**What you have to do:**
The whole listing that follows, pictures excepted, should be printed again exactly as given.

**Information given:**

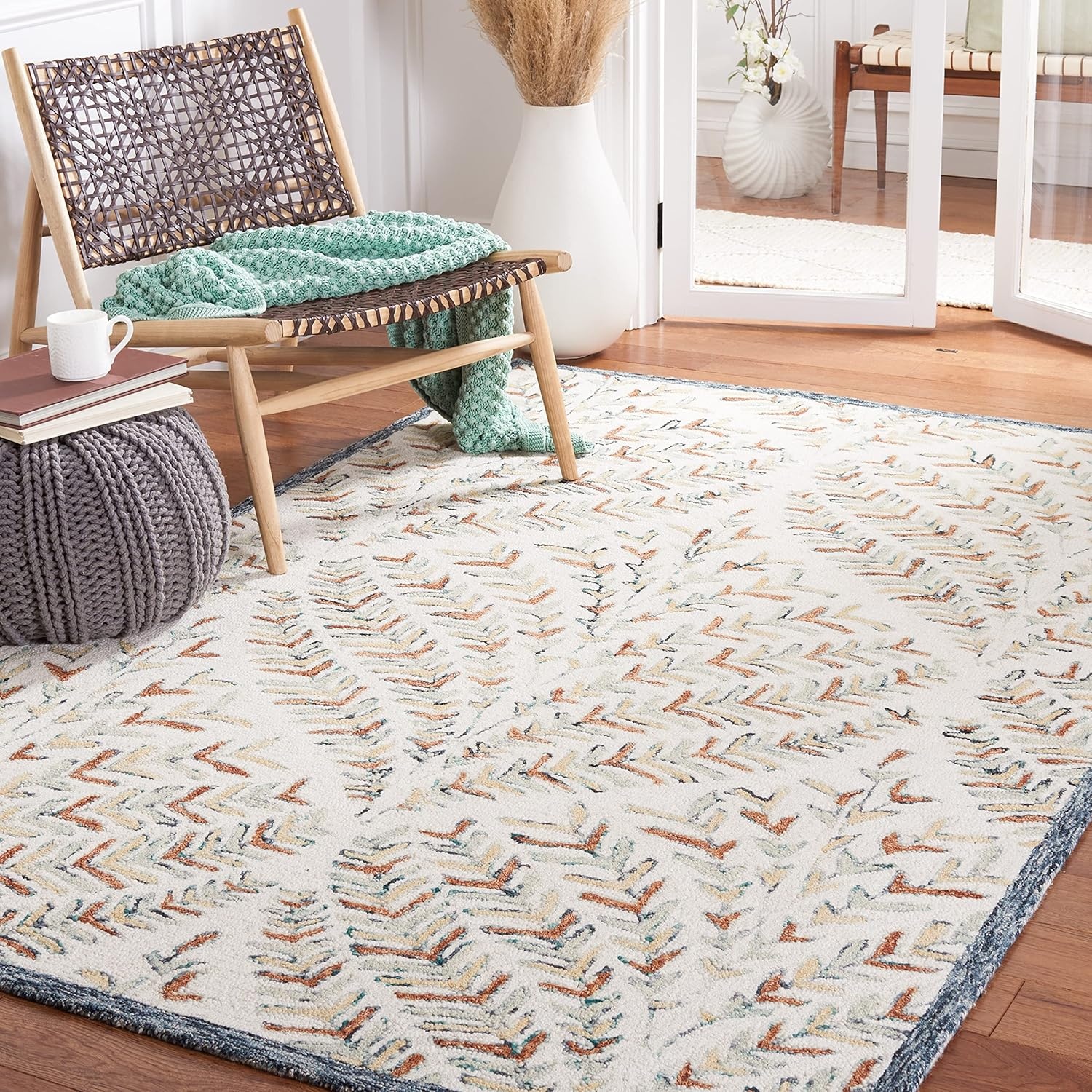 image:imageSAFAVIEH Area Rug 8x10 Capri Collection Large Ivory amp Blue Handmade Wool Ideal for Living Room Bedroom Office Dining Space CPR208AIvoryGreen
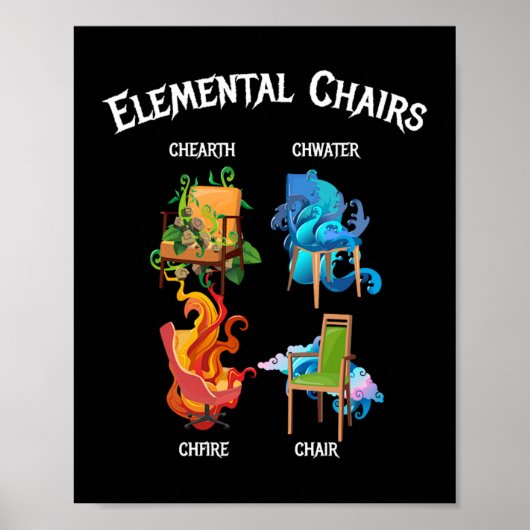 Poster Chaises Élémentaires Feu Terre (Devant)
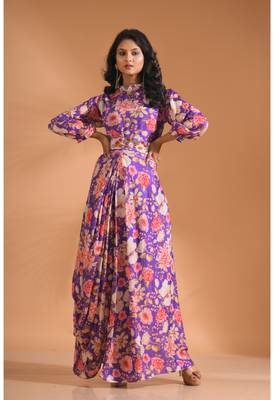 Multicolour  pinted long grown with printed 4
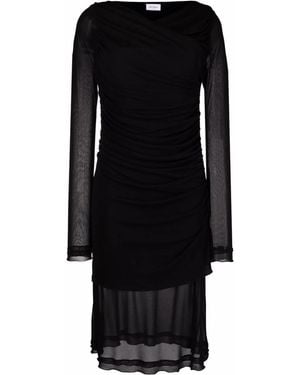 Ferragamo Sheer-Panels Draped Midi Dress - Black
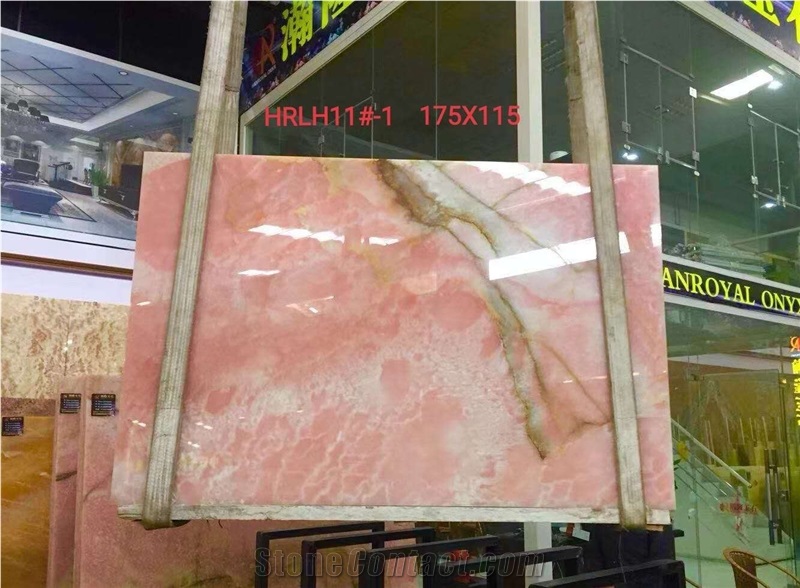 Polished Persian Pink Onyx Slab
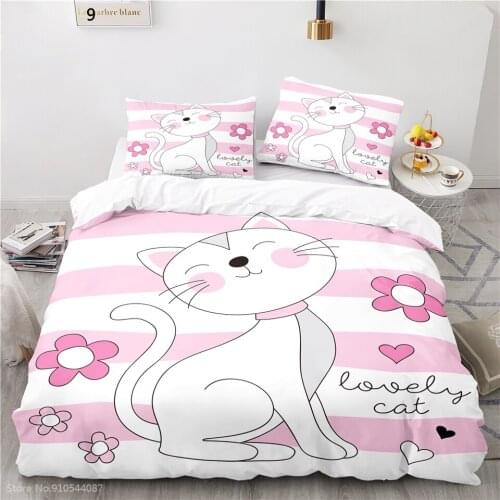 Lovely Cartoon White Cat Printed Bedding Set Children Duvet Cover Set Pillowcase Boys Girls Bedclothes Twin Queen King Bed Linen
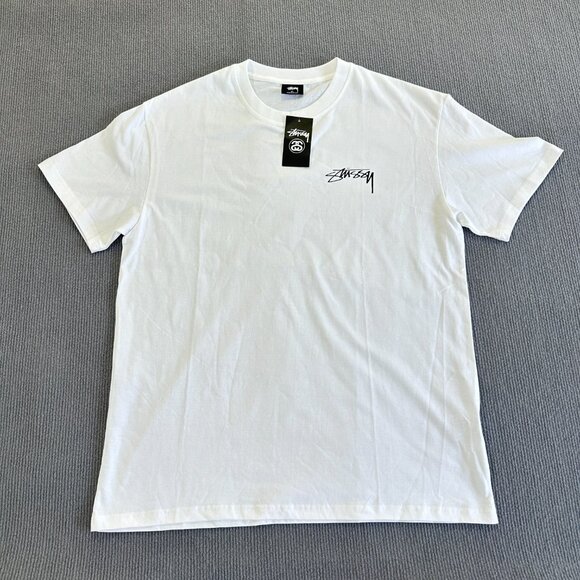White Stussy men's XL casual summer t-shirt - Picture 4 of 6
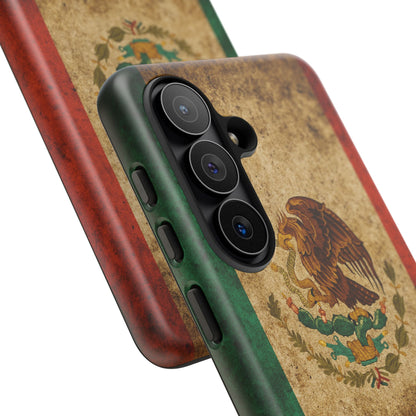 Vintage Mexico Flag Phone Case – Mexican Pride Grunge Flag Aesthetic Tough Case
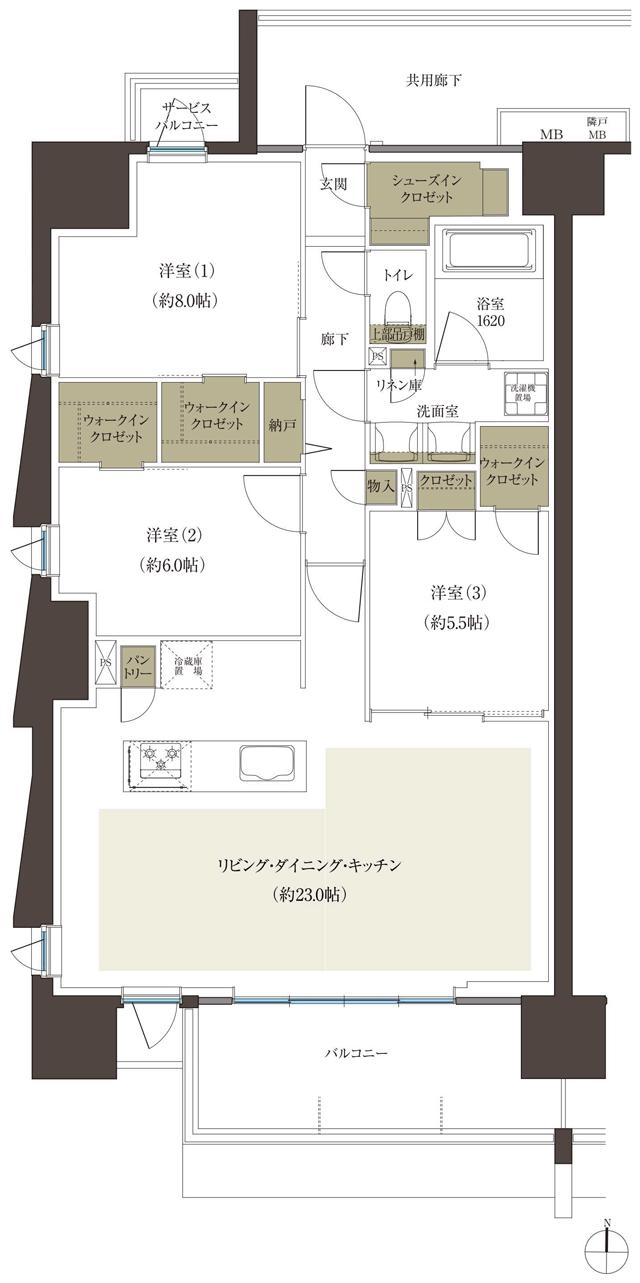 レーベン水戸ONE STATE TOWERの間取り図　E：3LDK+N+3WIC+SIC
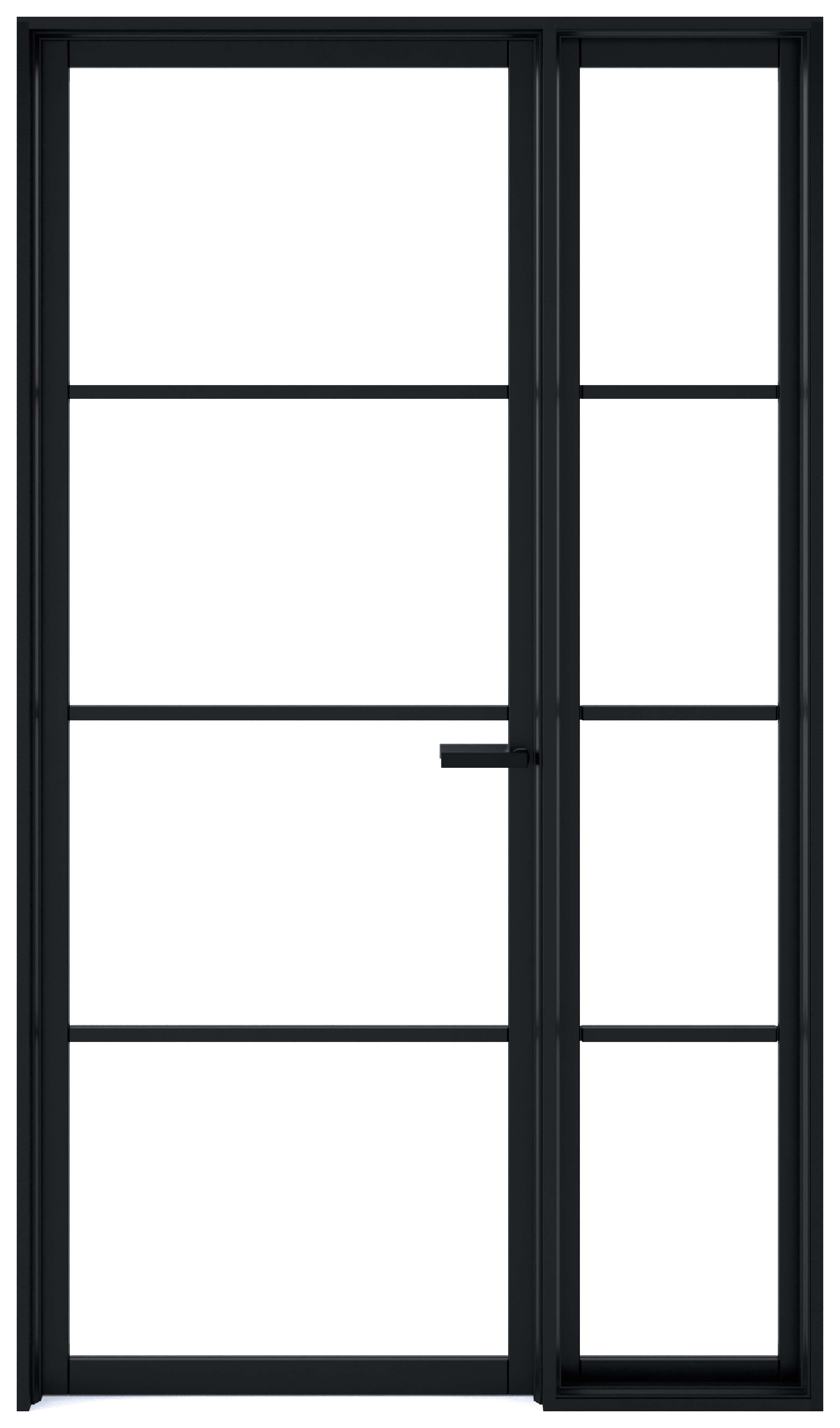 Image of LPD Internal Soho 4 Lite Panel Primed Black Solid Core Door - 579 x 1981mm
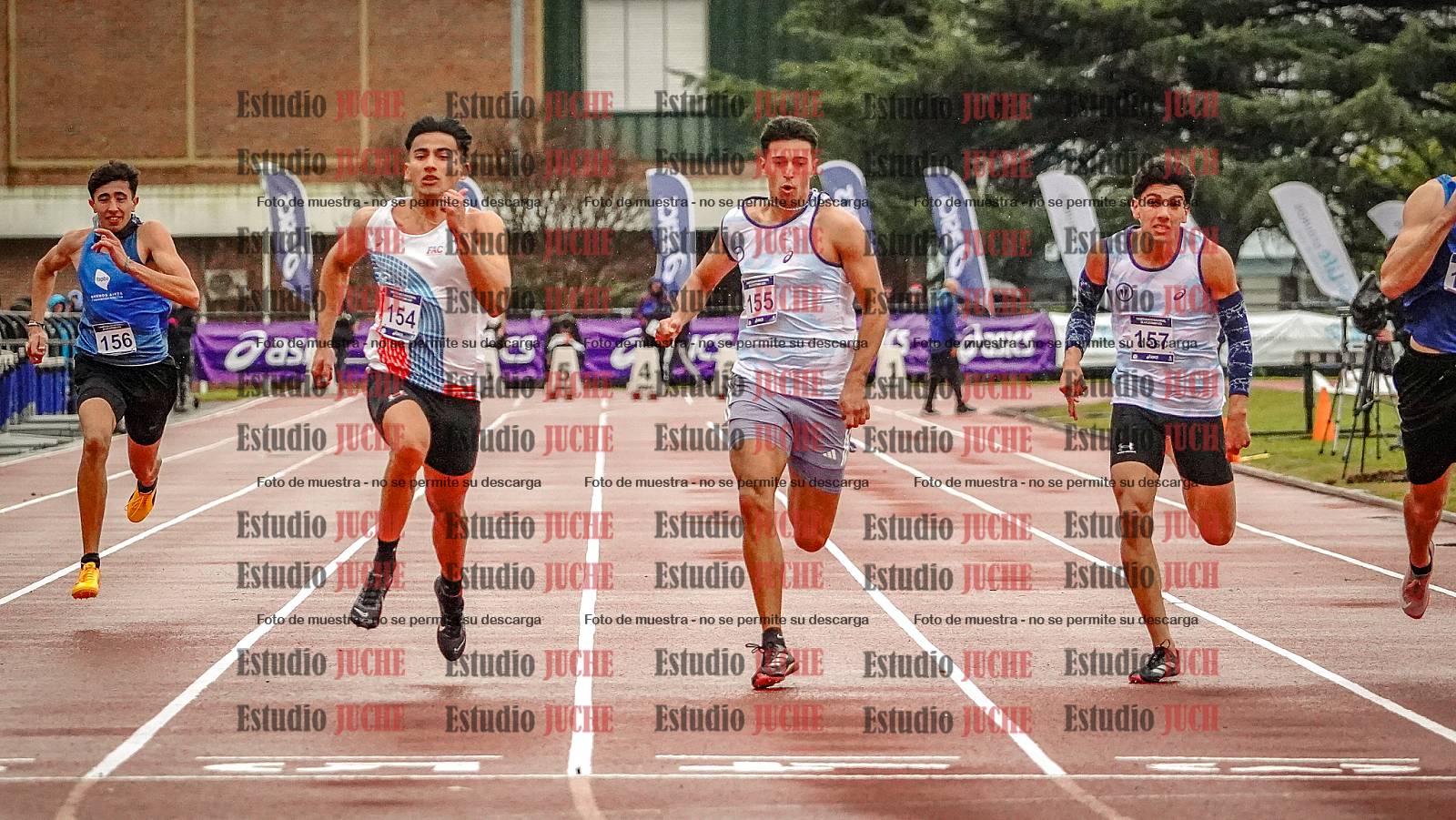 Fotos de los 100 m llanos de varones - decatlón 1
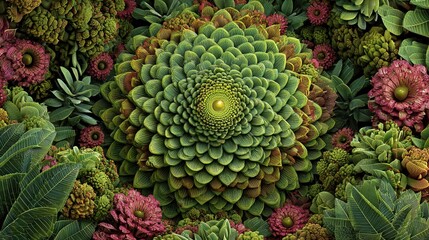 Vibrant Symmetrical Succulent Pattern &ndash; Botanical Art and Floral Design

**Reply:**
 image:imageSAFAVIEH Area Rug 8x10 Capri Collection Large Ivory amp Blue Handmade Wool Ideal for Living Room Bedroom Office Dining Space CPR208AIvoryGreen
 Poster Chaises Élémentaires Feu Terre (Devant)
 Multicolour  pinted long grown with printed 4
 Ferragamo Sheer-Panels Draped Midi Dress - Black
 Polished Persian Pink Onyx Slab
 Lovely Cartoon White Cat Printed Bedding Set Children Duvet Cover Set Pillowcase Boys Girls Bedclothes Twin Queen King Bed Linen
White Stussy men's XL casual summer t-shirt - Picture 4 of 6
 Vintage Mexico Flag Phone Case – Mexican Pride Grunge Flag Aesthetic Tough Case
 レーベン水戸ONE STATE TOWERの間取り図　E：3LDK+N+3WIC+SIC
 Image of LPD Internal Soho 4 Lite Panel Primed Black Solid Core Door - 579 x 1981mm
 Fotos de los 100 m llanos de varones - decatlón 1
 Vibrant Symmetrical Succulent Pattern &ndash; Botanical Art and Floral Design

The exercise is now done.